▸ **WHAT YOU ARE ASKED TO DO**:
Leaving out the pictures, return word for word the stretch of entries below from the line holding "iPhone Xs /" through the line holding "The Veterans' Walk".

▸ **INPUT FOR THIS TASK**:
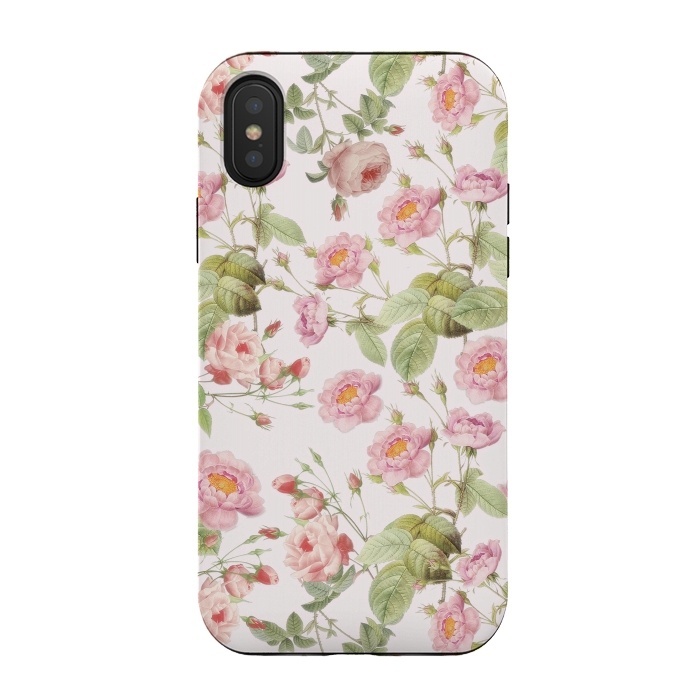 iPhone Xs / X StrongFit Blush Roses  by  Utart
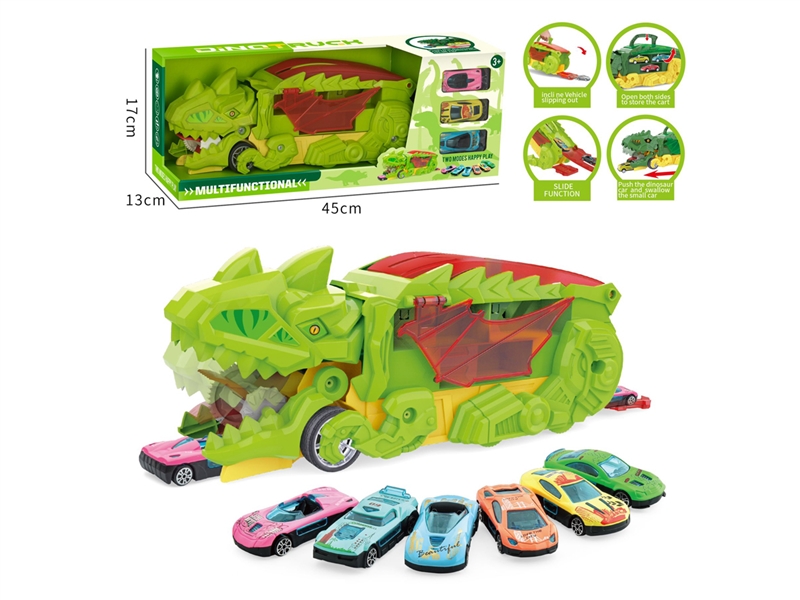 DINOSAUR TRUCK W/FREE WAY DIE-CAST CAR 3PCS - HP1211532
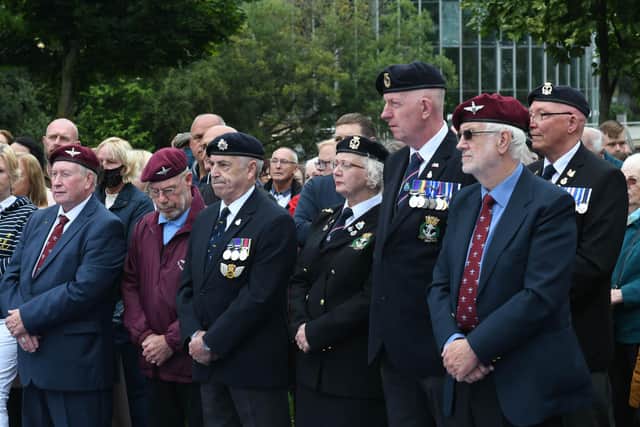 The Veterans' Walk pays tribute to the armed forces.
...
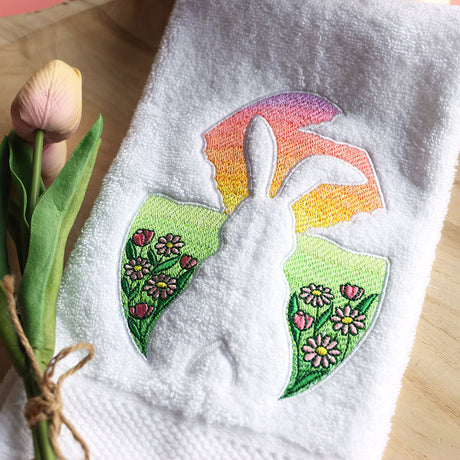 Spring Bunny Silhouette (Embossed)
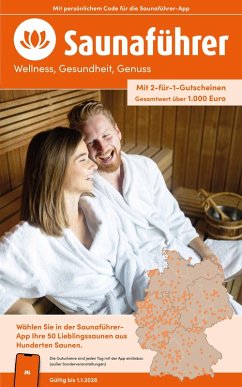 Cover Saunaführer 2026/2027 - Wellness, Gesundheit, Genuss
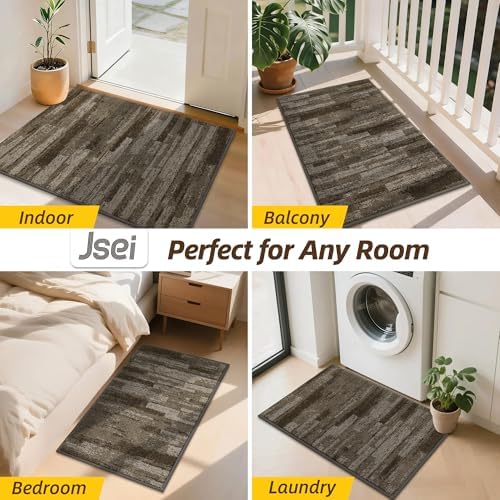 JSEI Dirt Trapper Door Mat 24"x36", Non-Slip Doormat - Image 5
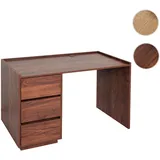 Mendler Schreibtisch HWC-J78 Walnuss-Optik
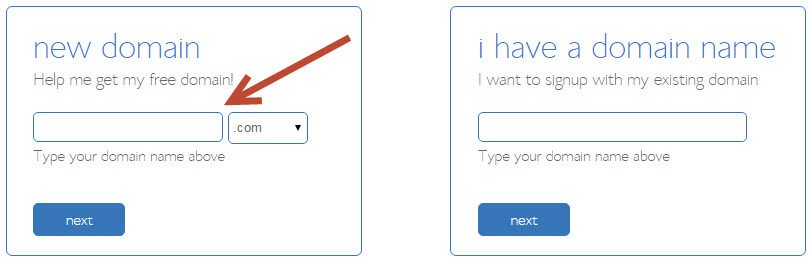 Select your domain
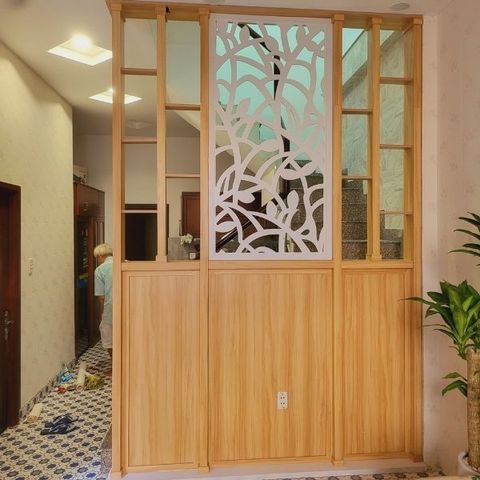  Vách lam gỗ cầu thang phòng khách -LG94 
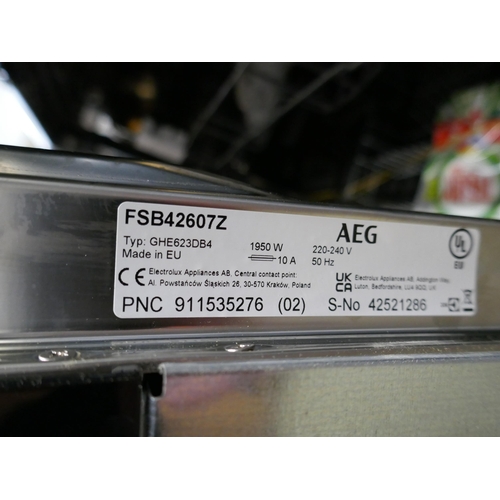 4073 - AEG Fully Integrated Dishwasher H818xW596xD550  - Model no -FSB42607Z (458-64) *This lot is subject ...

▸ **ANSWER TO THIS TASK**:
 iPhone Xs / X StrongFit Blush Roses  by  Utart
 DINOSAUR TRUCK W/FREE WAY DIE-CAST CAR 3PCS - HP1211532
 The Veterans' Walk pays tribute to the armed forces.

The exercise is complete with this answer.